Tom Clyde: We’re not in Mayberry anymore
There was a candidate debate at Rotary lunch this week. The candidates for County Attorney and those for Sheriff tried to explain why they should earn our votes. We are fortunate to have qualified people running. That’s not always the case, but in both of these races, we have people who are up to the task. So I had hoped that the presentation would shed a little light on things. It mostly didn’t.
The Sheriff’s race is an open seat because the incumbent, Dave Edmunds, has decided not to run again. Justin Martinez, currently second in command at the department is running against Kris Hendricksen, who has worked in other police agencies and teaches at the police academy. Between them, they are the tallest and shortest people on the ballot.
That discussion quickly veered into deep space, and focused on the color of the Sheriff’s department vehicles. It wasn’t all that long ago that the Sheriff’s Department drove around in white Ford pickups. I bought one of them from a surplus auction years ago. It’s got a huge and very thirsty engine, spotlight, and multiple holes drilled into the dash and roof for the assorted police equipment.
Somewhere along the line, the department switched to black SUVs with blacked out windows and the Sheriff logo applied in a matte black finish. The lights are either inside the vehicle, or if there is an external light bar, it is smaller than a ski rack. While the SUV seems a more practical choice than the pickup for transporting somebody to the graybar hotel, the rapper-style paint job seemed a little over the top to a lot of people.
The impression was that we were sending out the SWAT team to respond to every case of aggravated brake light malfunction. My only complaint is that I think traffic enforcement is a lot more effective when the cop on the road is very visible and unmistakable. Seeing a good old-fashioned black and white police car with a big red light bar on the roof tends to slow everybody down for miles in each direction. A well-camouflaged car hidden behind a tree is probably more effective at catching and ticketing one speeder. So it kind of boils down to whether the goal is deterrence (safety) or enforcement (revenue).
A number of color schemes were tossed out in the conversation, from canary yellow to pink. Some members of the audience said the objection to black SUV was that they were always covered with road salt and looked dirty, making them harder to re-sell. It was a strange conversation. Nobody asked about the Sheriff’s navy — including a submarine — parked in a warehouse in Kamas, or what level of drug enforcement on I-80 is the County’s responsibility. The Sheriff does more than traffic enforcement.

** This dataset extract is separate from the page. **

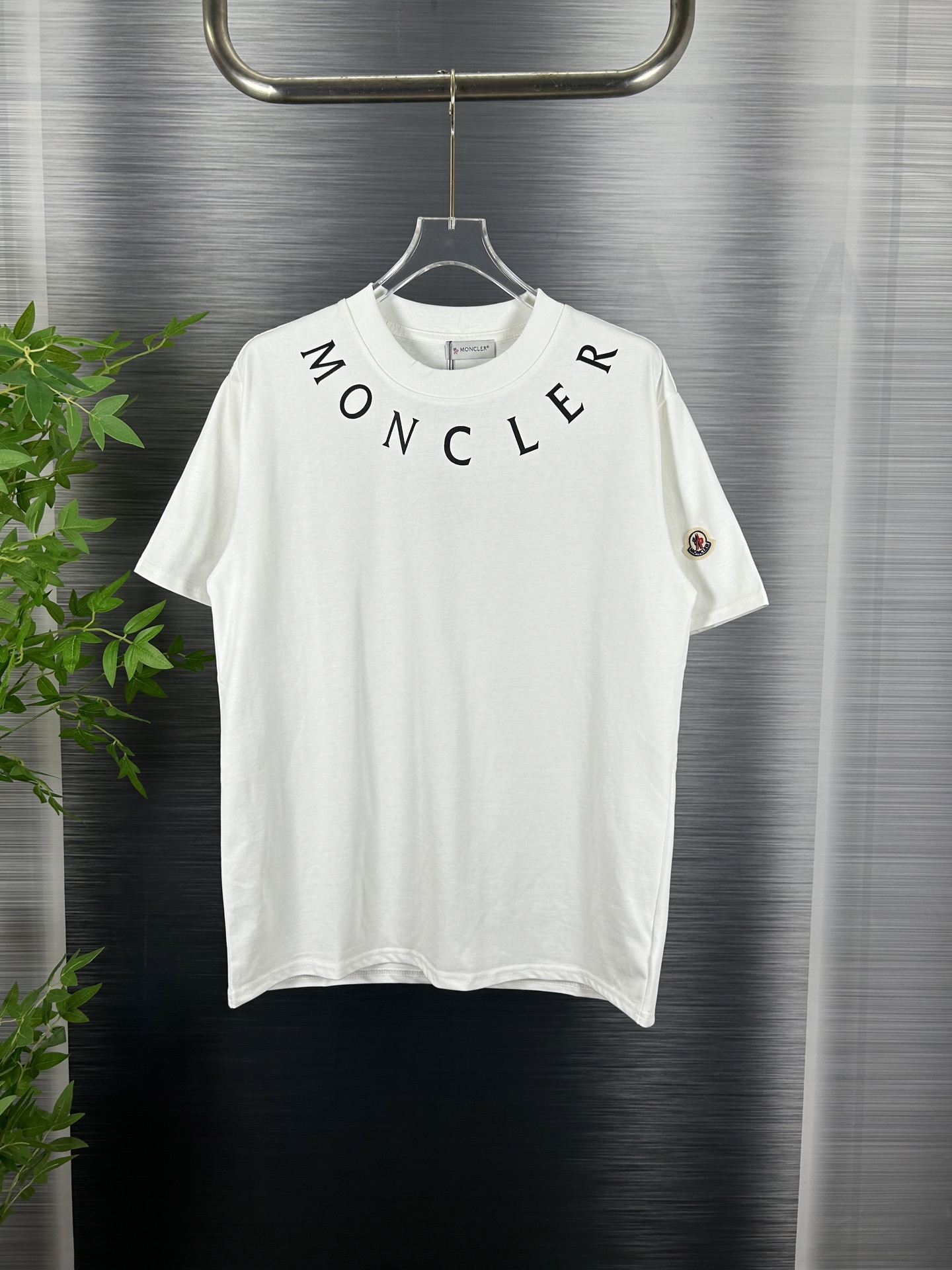 (Versión de especificaciones originales de alta gama) Montclair MONCLER 25Fw, impresión clásica de logo en el cuello, 3…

The color scheme isn’t the issue. It became the symbol of a different kind of discussion that we don’t want to have around here. If Andy Griffith is a 1, and Clint Eastwood is a 10, where on that scale would these candidates place themselves? We all would prefer the Andy Griffith style of law enforcement, where Andy would sit down at the coffee shop with a troubled member of the community, and the miscreant’s behavior would be fully reformed over a nice slice of pie. And all is well in Mayberry.

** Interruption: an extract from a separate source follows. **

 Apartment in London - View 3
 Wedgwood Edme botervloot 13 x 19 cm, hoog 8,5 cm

Under the Clint Eastwood model, an improper lane change results in "up against the wall," cuffs and drug-sniffing dogs. And everybody is still scared as hell on the South Side of Chicago.
So while I think the majority of Summit County residents would much prefer to have Andy Griffith as Sheriff, that’s largely based on the quaint notion that we are living in Mayberry. Even out in the hinterlands where I live, where the most frequent law enforcement issue is escaped livestock running amok, the world is a lot more complicated than Mayberry. I suspect that even Mayberry was more complicated than Mayberry.
Snyderville has become a mid-sized city by Utah standards, and for reasons I can’t understand, the County seems determined to keep approving more sprawl. It remains to be seen what the Vail take-over does, but it’s safe to assume that visitor numbers won’t be shrinking. We’re a long way from Chicago, but we quit being Mayberry a long time ago.
Deciding on the model and color scheme for new Sheriff’s Department vehicles will be a difficult and delicate decision. For most of us, that’s the only contact we have with the department — the image they project when we see them on the road. There’s one thing we can all agree on. If we get pulled over, we expect the cop to be driving a tasteful, stylish, well-appointed, vehicle. Nobody in Summit County should have to bear the indignity of being ticketed by a cop driving an Impala.
Tom Clyde practiced law in Park City for many years. He lives on a working ranch in Woodland and has been writing this column since 1986.